[[ PROVIDED MATERIAL, beginning ]]

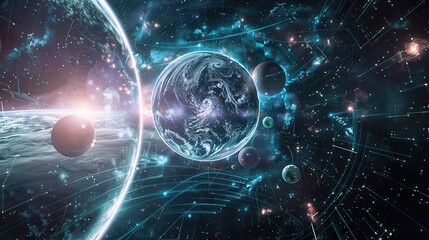 Obraz premium Future Universe Concept Map - a visionary and imaginative visual. The concept map depicts a futuristic universe, illustrating innovative ideas and celestial elements in a captivating manner.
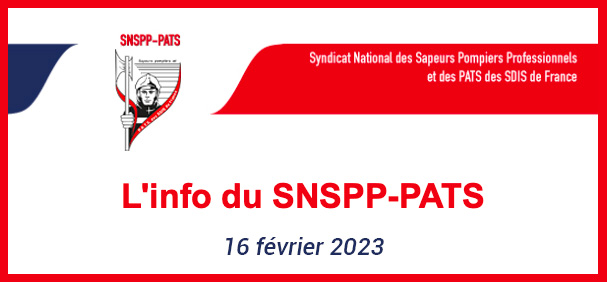 LA NEWSLETTER DU SNSPP-PATS DU 16 FÉVRIER 2023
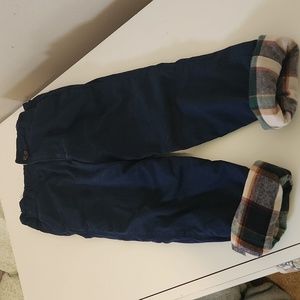 Navy with plaid lined pants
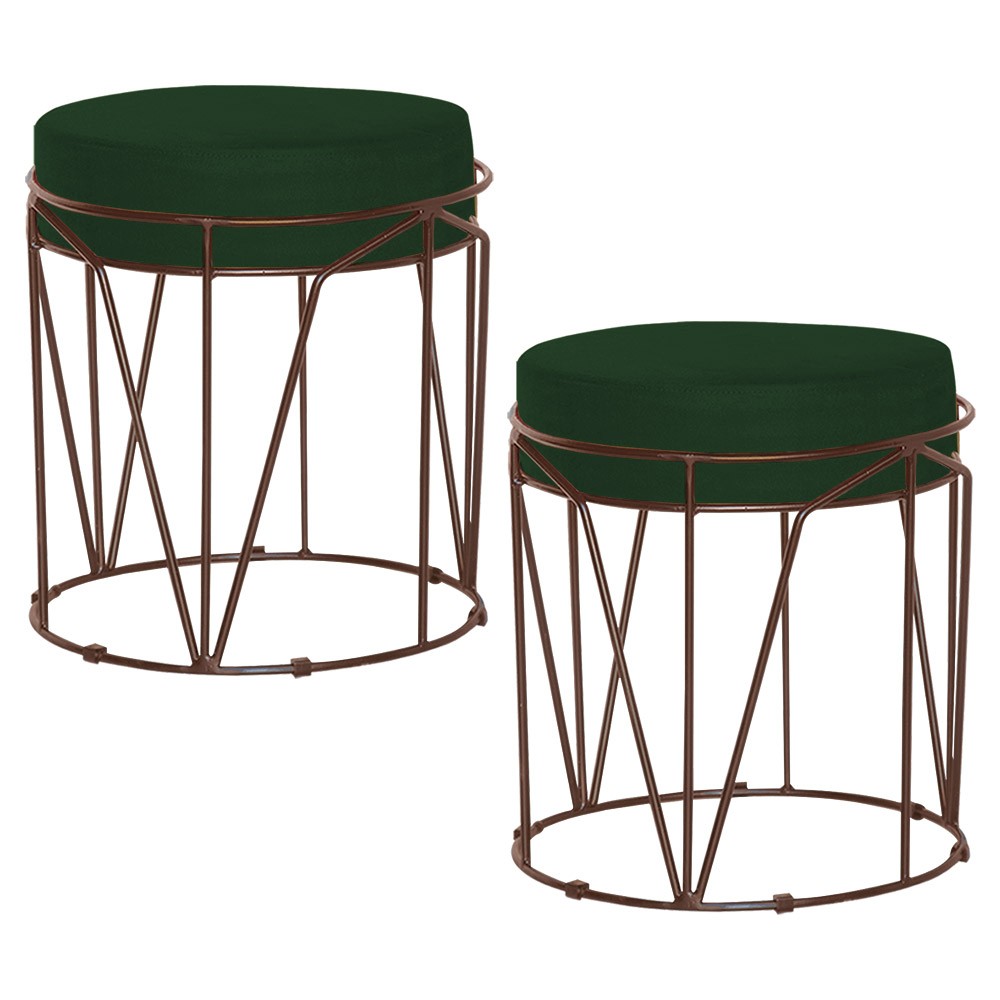 Kit 2 Puffs Decorativo Sala de Estar Base Bronze Chloe Suede Verde G41 - Gran Belo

[[ PROVIDED MATERIAL, end ]]

INSTRUCTIONS FOR THE TASK: Exact reproduction is required. Output only the lines from the one with "Navy with plaid lined pants" through the end of the listing above, both ends included, and no pictures.

SOLUTION TO THIS PROBLEM:
 Navy with plaid lined pants
 Kit 2 Puffs Decorativo Sala de Estar Base Bronze Chloe Suede Verde G41 - Gran Belo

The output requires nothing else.